Конститутивными чертами романа оказываются, соответственно: 1) «незавершенное настоящее», современная действительность, «жизнь без начала и конца» как предмет изображения; 2) личный опыт автора, использование им разнообразных устных и письменных свидетельств, сплавленных, организованных на основе свободного вымысла как источник романа; 3) индивидуальный, фамильярный контакт с этим незавершенным настоящим, движение автора «в поле изображаемого мира», позволяющее ему оценивать изображаемое в разных архитектонических формах, «пророчить факты, предсказывать и влиять на реальное будущее, будущее автора и читателей», – как авторская позиция.
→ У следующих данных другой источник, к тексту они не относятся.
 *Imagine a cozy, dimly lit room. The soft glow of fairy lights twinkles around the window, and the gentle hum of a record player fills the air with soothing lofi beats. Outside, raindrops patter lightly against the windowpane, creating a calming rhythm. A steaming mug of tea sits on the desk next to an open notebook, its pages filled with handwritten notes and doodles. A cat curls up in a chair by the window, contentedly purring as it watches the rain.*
Эти признаки могут быть дополнены и некоторыми другими: боги, герои, богатыри как герои эпопеи – частный, обыкновенный человек как типический герой романа; монолитность, односоставность эпического слова (высокий стиль) – романные диалогизм и разноречие[60]; особый статус эпопеи (высокий жанр) – низкая поначалу репутация романа как жанра легкого, развлекательного.
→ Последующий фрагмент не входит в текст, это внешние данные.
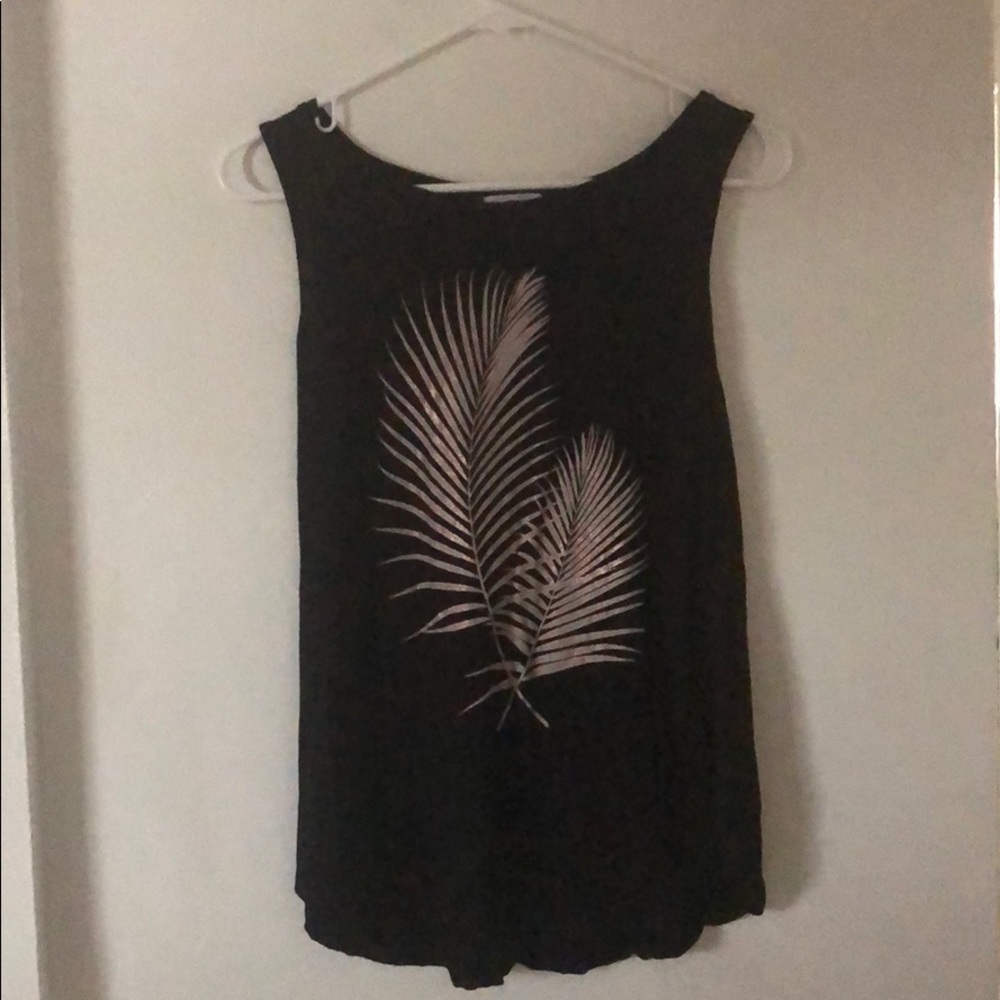 Black Feather Workout Tank, Flowy, Size Medium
Сопутствующими признаками эпопеи и романа оказываются стихотворная или прозаическая форма (Пушкин, задумывая «роман в стихах», должен был оговаривать «дьявольскую разницу» между ним и прозаическим романом), отсутствие или наличие имени автора (большинство древних эпопей анонимны, даже существование Гомера вызывает у историков литературы сомнения), завершенность, целостность («Илиада») или фрагментарность (русские былины).
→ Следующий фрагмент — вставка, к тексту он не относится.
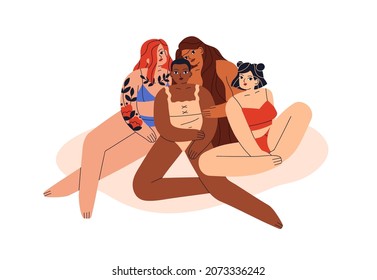 Diverse international women of different beauty, skin and hair color, race. Portrait of multiracial female models in underwear. Diversity concept. Flat vector illustration isolated on white background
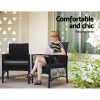 Outdoor Furniture Dining Chairs Wicker Garden Patio Cushion Black Gardeon – 2x chair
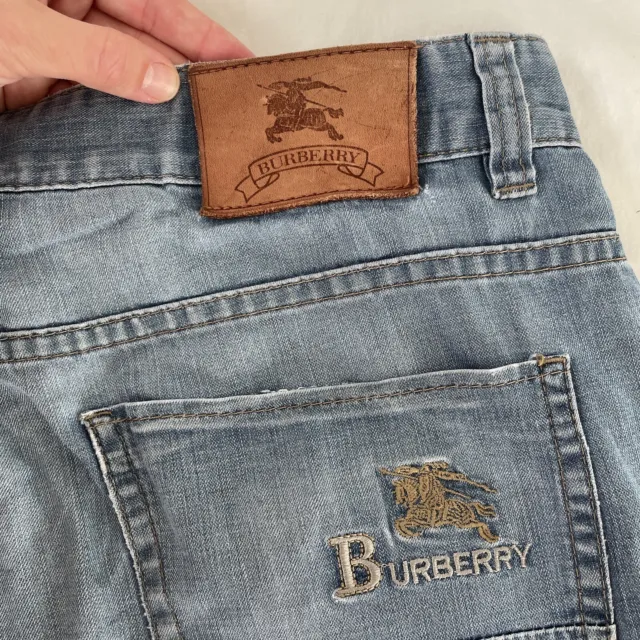 Vintage BURBERRY BRIT Straight Leg Jeans w Embroidered Logo - size 34 - Y2K /90s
Продуктивные эпохи развития эпопеи – древность и Средневековье, когда относительная целостность национальной жизни и жизни отдельного человека еще не была подорвана общественными, социальными противоречиями и психологическими конфликтами между людьми и внутри личности. Эпопея как жанр могла опираться лишь на образ мира, сделанного «из одного куска» (Бахтин), где национальное еще четко не противопоставлялось государственному, личное – общему, вымысел – реальности, поступок – слову, чувство – мысли.

В Новое время – эпоху складывания национальных государств, общественных и классовых конфликтов, великих географических открытий и опытной науки, гуманистического прославления личности, противопоставленной универсуму, – корни эпопеи как жанра оказываются подорванными. «Возможен ли Ахиллес в эпоху пороха и свинца? Или вообще „Илиада“ наряду с печатным станком и тем более типографской машиной? И разве не исчезают неизбежно сказания, песни и музы, а тем самым и необходимые предпосылки эпической поэзии, с появлением печатного станка?»[61] – задавал риторические вопросы К. Маркс.

55

См.: Русская новелла. Проблемы теории и истории. СПб., 1993. Термин «новелла» выступает здесь как общее обозначение всех малых жанров: в сборник входят исследования о прозаической новелле, стихотворной новелле, рассказе, апологе, сказке, очерке и даже повести.

56

См. антологию: Русская басня ХVIII – ХIХ веков. Л., 1977 (Библиотека поэта. Большая серия).

57

Гегель Г. В. Ф. Эстетика. Т. 3. С. 474.

58

Белинский В. Г. Разделение поэзии на роды и виды. С. 324.

59

Бахтин М. М. Роман как литературный жанр (1941) // Бахтин М. М. Собр. соч. Т. 3. С. 617.

60

См. об этом: Бахтин М. М. Из предыстории романного слова (1941) // Там же. С. 513–551.

61

Маркс К. Экономические рукописи 1857–1859 годов // Маркс К., Энгельс Ф. Сочинения: В 50 т. Т. 46. Ч. I. М., 1968. С. 48.